Association Perspective
Scott J. Knoer, MS, PharmD, FASHP, APhA executive vice president and CEO

Three years ago, as our House of Delegates session concluded in Nashville, there was a spontaneous outpouring from members. They passionately stated that the pressures of day-to-day pharmacy work were burning them out. They urgently called for APhA, their professional home, to take action to reverse the trend. Pharmacist stress and burnout was the elephant in the room—and it still is. The added workload and stresses of caring for patients during COVID have only exacerbated the problem.
Pharmacists and pharmacy personnel’s workplace issues and their relationship to personal well-being continue to be a critical, complex issue across all practice settings. In recent decades, considerable work has been done to analyze medication errors, including near misses, and identify their root causes. What the research has lacked is a critical examination of workplace factors to determine how they affect pharmacy personnel well-being and patient safety.
For the sake of our patients, communities, and profession, we must make this right. In 2018, following the House of Delegates meeting, APhA launched a comprehensive pharmacist well-being initiative.
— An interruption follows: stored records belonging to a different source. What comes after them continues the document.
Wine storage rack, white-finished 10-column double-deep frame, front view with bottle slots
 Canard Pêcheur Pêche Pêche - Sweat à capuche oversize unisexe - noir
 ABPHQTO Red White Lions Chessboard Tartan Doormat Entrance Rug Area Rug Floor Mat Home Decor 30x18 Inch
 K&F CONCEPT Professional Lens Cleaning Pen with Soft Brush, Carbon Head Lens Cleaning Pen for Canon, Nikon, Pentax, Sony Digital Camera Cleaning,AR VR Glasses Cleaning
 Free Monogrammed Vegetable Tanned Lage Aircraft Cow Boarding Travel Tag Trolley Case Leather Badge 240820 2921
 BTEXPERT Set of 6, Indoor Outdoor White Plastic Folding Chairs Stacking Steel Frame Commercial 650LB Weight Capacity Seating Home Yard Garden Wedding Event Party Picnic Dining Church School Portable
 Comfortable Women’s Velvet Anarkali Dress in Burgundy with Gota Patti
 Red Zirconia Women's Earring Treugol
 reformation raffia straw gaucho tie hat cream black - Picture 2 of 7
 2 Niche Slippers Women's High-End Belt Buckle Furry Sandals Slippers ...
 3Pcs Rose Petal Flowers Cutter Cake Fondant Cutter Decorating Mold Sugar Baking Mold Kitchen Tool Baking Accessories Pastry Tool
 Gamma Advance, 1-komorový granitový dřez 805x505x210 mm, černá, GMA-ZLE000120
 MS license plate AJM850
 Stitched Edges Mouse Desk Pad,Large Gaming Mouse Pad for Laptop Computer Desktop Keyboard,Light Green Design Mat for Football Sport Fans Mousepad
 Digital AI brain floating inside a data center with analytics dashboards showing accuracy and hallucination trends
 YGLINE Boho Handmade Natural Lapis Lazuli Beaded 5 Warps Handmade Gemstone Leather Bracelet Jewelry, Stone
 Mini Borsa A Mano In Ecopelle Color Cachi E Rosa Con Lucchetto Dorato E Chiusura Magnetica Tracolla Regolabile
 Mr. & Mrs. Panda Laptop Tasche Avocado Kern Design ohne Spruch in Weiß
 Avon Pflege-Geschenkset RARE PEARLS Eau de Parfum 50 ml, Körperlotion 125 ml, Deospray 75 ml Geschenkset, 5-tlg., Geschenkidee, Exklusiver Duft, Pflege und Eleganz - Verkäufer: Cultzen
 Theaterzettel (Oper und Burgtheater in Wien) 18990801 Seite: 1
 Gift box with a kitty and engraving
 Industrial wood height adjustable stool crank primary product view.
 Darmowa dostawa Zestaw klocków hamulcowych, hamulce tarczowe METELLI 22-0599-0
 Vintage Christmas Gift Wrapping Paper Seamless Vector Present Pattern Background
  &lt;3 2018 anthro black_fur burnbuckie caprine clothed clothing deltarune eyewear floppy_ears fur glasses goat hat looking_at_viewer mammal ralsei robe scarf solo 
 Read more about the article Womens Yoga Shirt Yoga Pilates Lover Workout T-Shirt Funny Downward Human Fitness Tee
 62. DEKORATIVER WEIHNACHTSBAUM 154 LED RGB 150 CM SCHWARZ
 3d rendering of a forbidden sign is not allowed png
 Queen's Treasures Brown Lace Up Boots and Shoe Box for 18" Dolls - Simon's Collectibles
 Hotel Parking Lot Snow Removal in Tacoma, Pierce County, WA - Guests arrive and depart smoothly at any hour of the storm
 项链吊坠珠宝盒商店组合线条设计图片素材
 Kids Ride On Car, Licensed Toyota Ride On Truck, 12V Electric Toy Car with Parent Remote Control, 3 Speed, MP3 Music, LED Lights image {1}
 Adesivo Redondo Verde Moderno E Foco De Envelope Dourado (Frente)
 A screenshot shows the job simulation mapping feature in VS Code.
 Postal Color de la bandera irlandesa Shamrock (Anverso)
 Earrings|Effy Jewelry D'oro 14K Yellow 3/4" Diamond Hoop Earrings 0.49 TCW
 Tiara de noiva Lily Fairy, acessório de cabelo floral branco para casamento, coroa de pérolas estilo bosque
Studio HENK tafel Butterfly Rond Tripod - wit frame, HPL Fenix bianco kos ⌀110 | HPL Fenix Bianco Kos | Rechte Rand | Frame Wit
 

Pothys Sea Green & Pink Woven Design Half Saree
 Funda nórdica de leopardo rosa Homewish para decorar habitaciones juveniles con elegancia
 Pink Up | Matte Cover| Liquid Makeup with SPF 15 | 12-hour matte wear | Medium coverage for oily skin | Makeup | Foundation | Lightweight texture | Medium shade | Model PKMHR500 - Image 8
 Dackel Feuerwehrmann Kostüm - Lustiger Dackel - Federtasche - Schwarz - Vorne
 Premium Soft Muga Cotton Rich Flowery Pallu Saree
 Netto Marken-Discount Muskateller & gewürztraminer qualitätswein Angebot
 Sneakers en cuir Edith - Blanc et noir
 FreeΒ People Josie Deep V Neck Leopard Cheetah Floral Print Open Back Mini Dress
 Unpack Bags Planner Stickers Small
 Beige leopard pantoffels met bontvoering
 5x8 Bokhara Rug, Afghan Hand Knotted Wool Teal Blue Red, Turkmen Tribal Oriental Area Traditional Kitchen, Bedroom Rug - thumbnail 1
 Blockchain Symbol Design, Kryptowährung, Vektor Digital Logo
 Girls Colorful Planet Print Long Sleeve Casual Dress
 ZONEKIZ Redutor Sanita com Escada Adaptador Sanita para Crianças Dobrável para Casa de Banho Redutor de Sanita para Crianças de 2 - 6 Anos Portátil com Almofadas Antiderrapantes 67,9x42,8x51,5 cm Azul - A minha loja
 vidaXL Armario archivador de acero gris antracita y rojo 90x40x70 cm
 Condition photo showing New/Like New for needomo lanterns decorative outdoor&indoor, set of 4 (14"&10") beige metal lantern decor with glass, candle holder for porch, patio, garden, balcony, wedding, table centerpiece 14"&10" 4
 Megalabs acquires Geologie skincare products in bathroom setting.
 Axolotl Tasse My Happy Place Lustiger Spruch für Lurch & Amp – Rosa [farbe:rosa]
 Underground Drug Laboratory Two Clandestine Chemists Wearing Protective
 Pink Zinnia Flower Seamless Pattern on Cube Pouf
You can visit pharmacist.com/wellbeing to learn more, but there is a new component that I’d like you to know about.
From the very beginning of our initiative, pharmacists have asked for a confidential method to report experiences in the pharmacy workplace that potentially affect patient safety—the same kind of thing that’s been available to physicians for years. Now they have it: the Pharmacist Workforce Well-Being and Reporting (PWWR) portal, which you can access at apha.us/PWWR.
The PWWR portal is designed to collect anonymous workplace reports—both positive and negative—from pharmacists, which are then shared with a federally recognized patient safety organization. That organization, the Alliance for Patient Medication Safety, will use your reports to develop best practices, education, and recommendations to enhance the pharmacy workplace and keep patients safe. Under federal law, these accounts are anonymous and confidential.
The positive and negative experiences and situations that you and your colleagues report will help to tell a collective, powerful story that can spark change and improvement in well-being and patient safety. Your PWWR report will be aggregated with others to create a pool of data used to influence and educate pharmacy leaders, government officials, and the public as well as advance meaningful and actionable changes.
I encourage you to visit the PWWR portal to share your experiences and ideas; I’m thankful for those of you who have already. You can be honest and candid without putting yourself at risk of retribution.
My friends, I’m so grateful for all you do for your patients and communities. Our journey is long and difficult, but thanks to you, we can make a way forward. Have a wonderful Thanksgiving!